Our classification overlaps, necessarily. Every river trail was, between the rivers, the portage path already described, and many a river trail was a famous war trail. However, a distinction is easily remarked. The river trails followed, to a considerable extent, the windings of each river. But this was not done blindly, and the study of any river trail affords one of the most interesting illustrations of the genius of brute and savage instinct. The highlands were the routes of the river trails, and, as in the nature of a river valley the configuration of the topography is usually exceedingly broken, the courses of these valley trails portray a single choice where there was on every hand, almost, an alternative to be studied and ignored. Now, the trail mounts a long ridge which holds its even course, maybe, for several miles. Suddenly, the river swings off at right angles. Here, on the elbow, the explorer finds that a rivulet or creek breaks into the range. The path feels its way by some better course than any other across the ravine. But, once on the high ground beyond, he finds that the path strikes out with utmost assurance in a straight line onward, ignoring entirely the river course. He puts his trust in the genius of those whose feet—now so long silent—broke it open, and goes on. Soon the path debouches smoothly out on the highlands above the water again, having gained several miles on the water-way, and followed a course as practicable as it is expeditious.

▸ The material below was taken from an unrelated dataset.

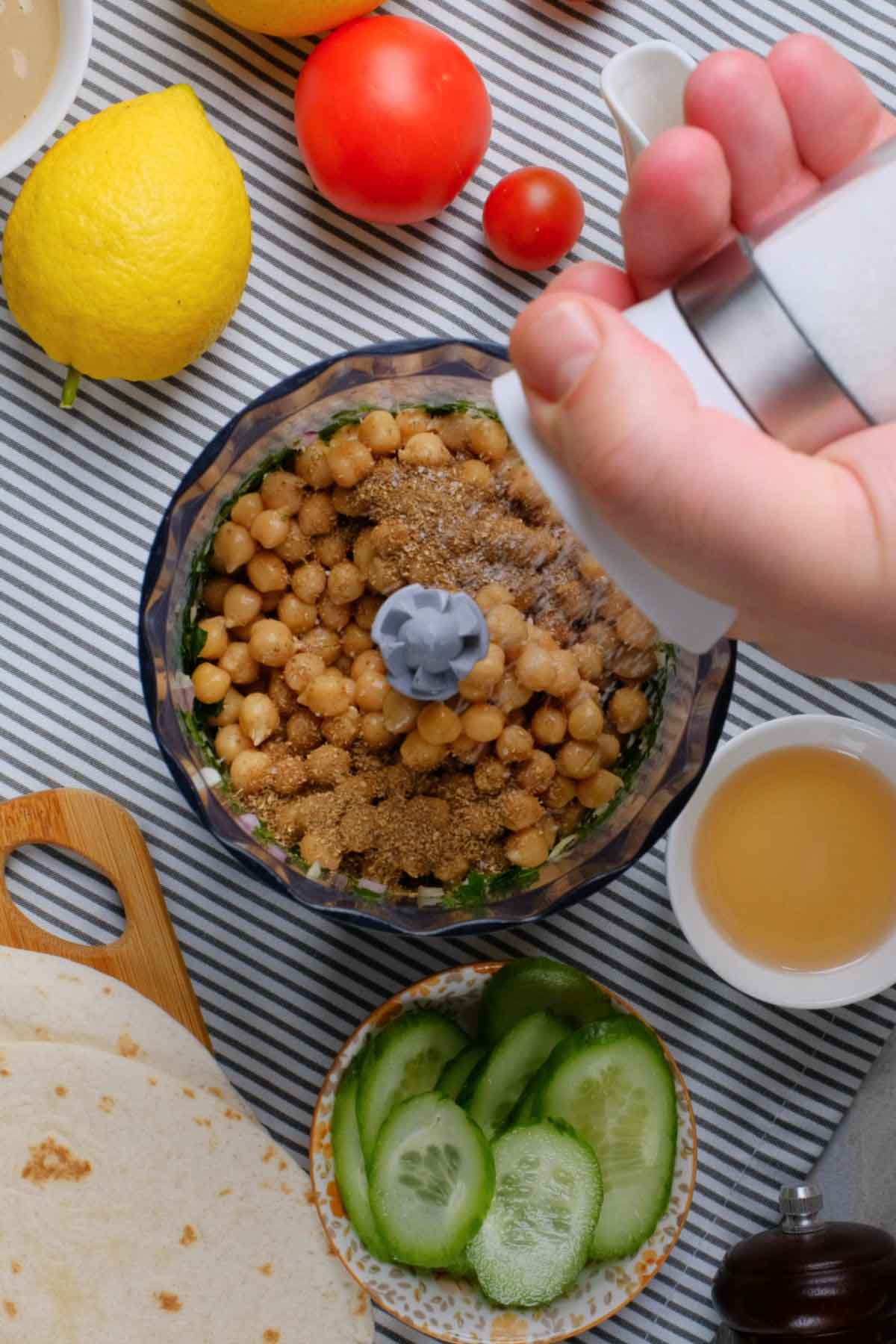 Chickpeas in a food processor.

Thus the valley trails exhibit, to an excellent degree, the early instinct or genius of buffalo and Indian for selecting routes of least resistance; and, though a valley trail keeps within touch of the river, yet it often leaves it to skirt on to the next elbow by the shortest practicable route. Often, however, when a river trail thus leaves the river, a branch trace may be found to have followed the river's meanderings, joining the main trail where it swings back to the river. This was very often the case when Indian villages stood beside the river at a point where the main valley trail had gone inland for a short cut as described.[8]

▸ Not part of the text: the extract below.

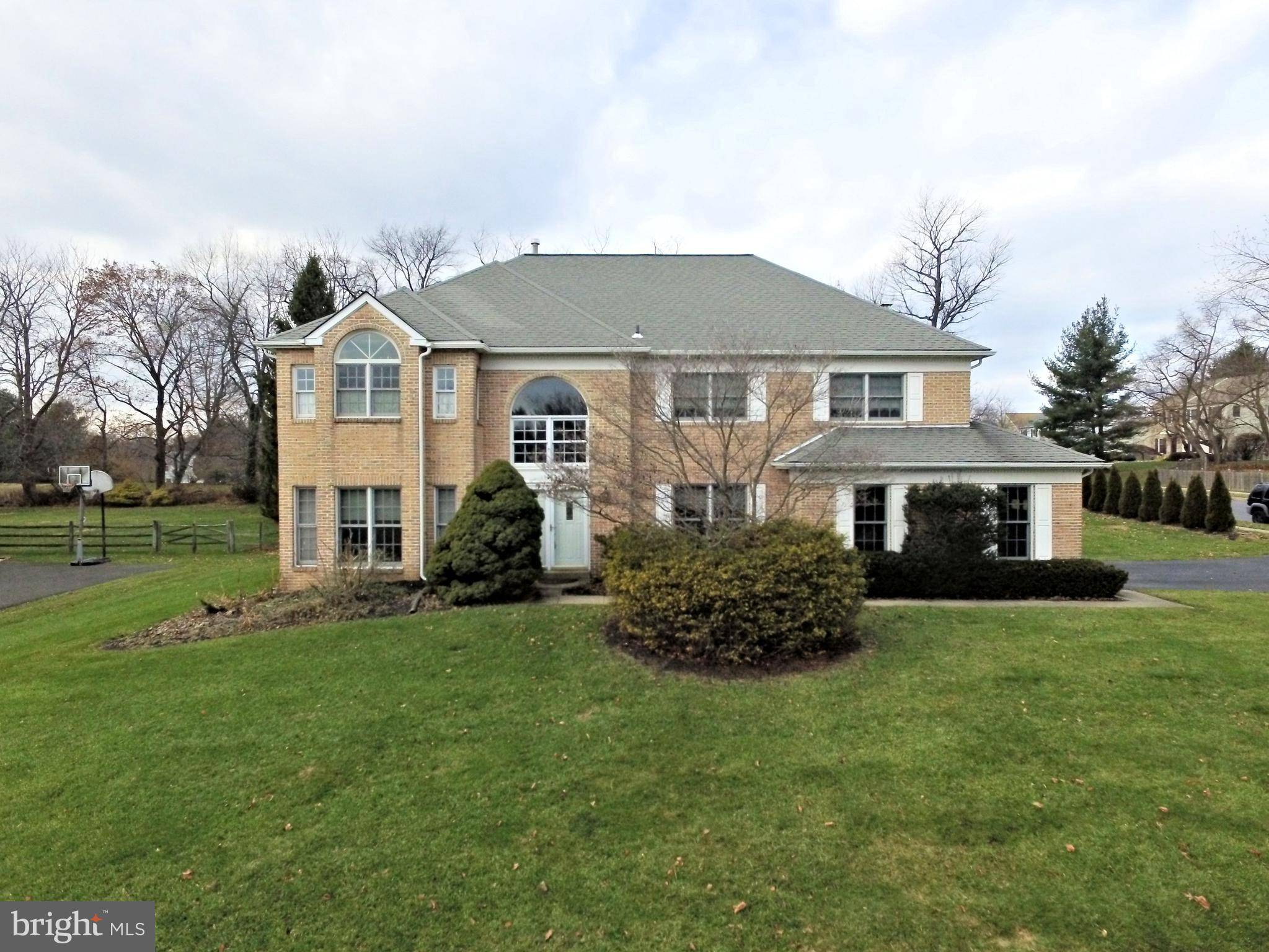 1688 PEMBROOK RD, Ambler, PA 19002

Another class of trails were those which became the great routes of trade and became known as fur routes or trader's paths. These routes followed any path which offered an expeditious and stable course to the objective points to be reached. For instance, the Sandusky-Richmond fur route was by way of several great river trails and a war path. But frequently, as time went on, the courses of the Indian ponies laden with peltry, and the white traders' ponies stocked with weapons, trinkets, and liquor, revolutionized the traveled ways of the interior of the continent.

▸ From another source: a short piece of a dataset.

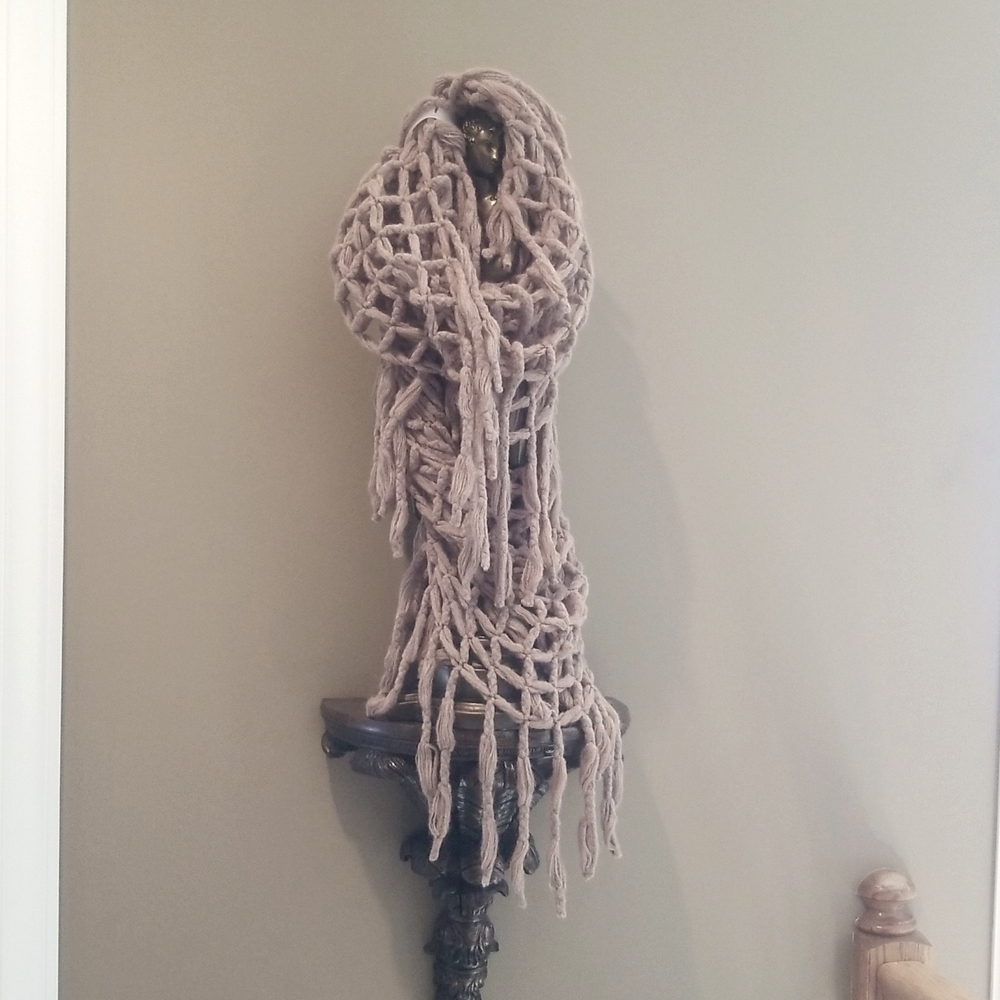 SCARF BEAUTIFUL TAUPE COLOR l os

  1. Jesuit Relations and Allied Documents, vol. lxiii., p. 169.
  2. Croghan's Journal, "The Olden Time," vol. i., pp. 414–415.
  3. See Filson's Map.
  4. Ordinance of 1787, Article iv.
  5. Croghan's Journal, "The Olden Time," vol. i., pp. 409–415.
  6. Jesuit Relations and Allied Documents, vol. viii., p. 77.
  7. Id., vol. lix., p. 181.
  8. Map of the Overhill Cherokee towns by Timberlake, 1762, in Twelfth Annual Report of the Bureau of Ethnology, plate xxvi., facing p. 368.